How to fry cakes in a slow cooker
Flour – 320 grams
Water – 160 milliliters
Medium potatoes – 2 pieces
Carrots – 1 piece
Onion – 1 piece
Vegetable oil – 30 milliliters
Baking soda – 1 teaspoon without a slide
Salt – 1 teaspoon with a slide
Greens – to taste
How to fry cakes in slow cooker
1. Sift 320 grams of flour and mix with 1 teaspoon of soda and 0.5 tablespoon of salt.
2. Pour 160 milliliters of ice water into the mixture and mix.
3. Knead the dough, cover with a film or bag and send it to the refrigerator for 20 minutes.
4. Peel 1 onion from the husk, wash it and cut into half rings.
5. Wash 1 carrot and 2 potatoes, peel and grate them.
6. Wash the greens and chop them finely.
7. Pour 30 milliliters of oil into the multicooker bowl and heat it in the “Frying” mode for 5 minutes.
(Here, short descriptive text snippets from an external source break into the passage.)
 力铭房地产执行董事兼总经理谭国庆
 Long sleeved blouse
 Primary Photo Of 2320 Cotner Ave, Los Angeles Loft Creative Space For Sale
8. Put grated potatoes, carrots and chopped onions on the bottom of the multicooker bowl.
9. Fry vegetables for 10 minutes, stirring them with a wooden spatula.
10. At the end of frying, salt the vegetables and add greens to them.
11. Remove vegetables from the multicooker.
12. Remove the chilled dough from the refrigerator and divide it into 6 equal parts.
13. From each part, form a cake, in the center of which put the vegetable filling.
14. Fasten the edges of the cake around the filling and roll them lightly with a rolling pin.
15. Fry each cake in a slow cooker on the previously set “Frying” mode for 2 minutes.
16. After 2 minutes, carefully turn the cake over and fry the same amount on the other side.
17. Hot cakes can be served with sour cream.